A non-transitory recording medium readable by a computer,
The computer has a memory having a data set storage unit,
The data set storage unit includes a plurality of messages generated as information constituting at least one theme, each of the plurality of messages not including the at least one theme,
The non-temporary recording medium is
A unit generation procedure for reconfiguring a plurality of messages stored in the data set storage unit into at least one data unit including at least one message and indicating the theme in the computer;
An index generation procedure for generating an index from the message included in the reconstructed data unit in the computer;
A search execution procedure for specifying the data unit corresponding to the search condition based on the generated index and the search condition when the computer receives a search condition for searching the plurality of messages;
A result output procedure for outputting a search result to the computer based on the specified data unit;
An information extraction procedure for extracting the generation time at which the message is generated from each of the plurality of messages included in the data set storage unit in the computer and storing the bibliographic information including the extracted generation time in the memory And execute
In the unit generation procedure,
Reconfiguring the plurality of messages into the data unit based on the distribution of a plurality of generation times included in the bibliographic information in the computer;
Obtaining a minimum value of the number of messages included in the data unit in the computer;
If the number of first messages included in the reconstructed first data unit is less than the minimum value, the computer includes a second message generated immediately before the first message. and second data units, and a third data unit including the third message generated immediately after the first message, the order to execute the, and procedures to include each of the first message Non-temporary recording medium that stores the program.
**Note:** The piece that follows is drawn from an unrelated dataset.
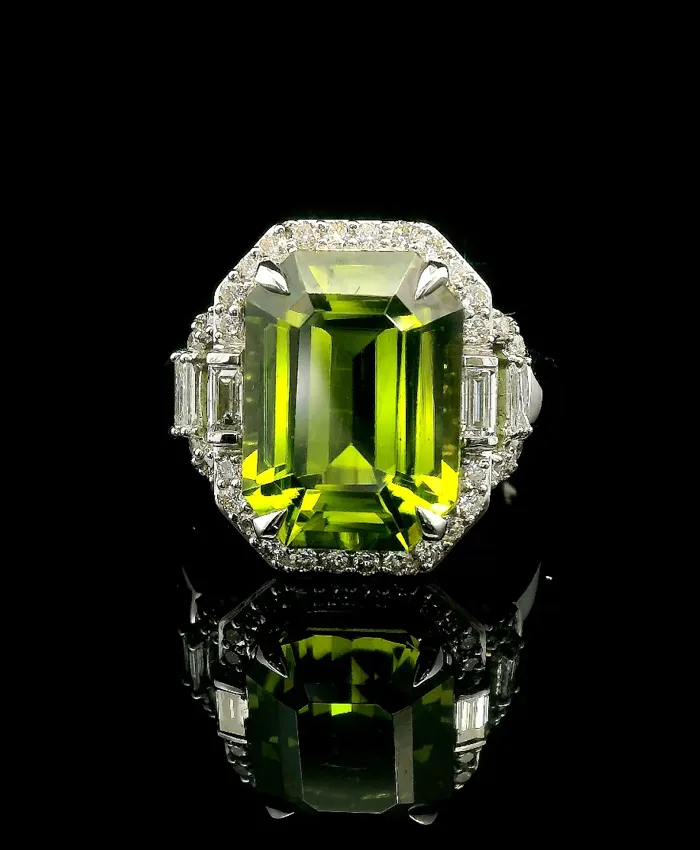 Stunning green gemstone ring with diamond accents, reflecting beautifully on a black surface.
  The non-transitory recording medium according to claim 9,
  In the unit generation procedure,
  A procedure for calculating a difference between each of a plurality of generation times included in the bibliographic information and a time immediately before the generation time, and the generation time included in the bibliographic information.
  A procedure for calculating an average value of the calculated plurality of differences in the calculator;
  A step of determining, in the computer, that it is rough between two generation times at which the difference greater than the calculated average value is calculated;
  A non-transitory recording medium storing a program for causing the computer to execute a procedure for reconfiguring the plurality of messages into a plurality of the data units according to the two rough generation times.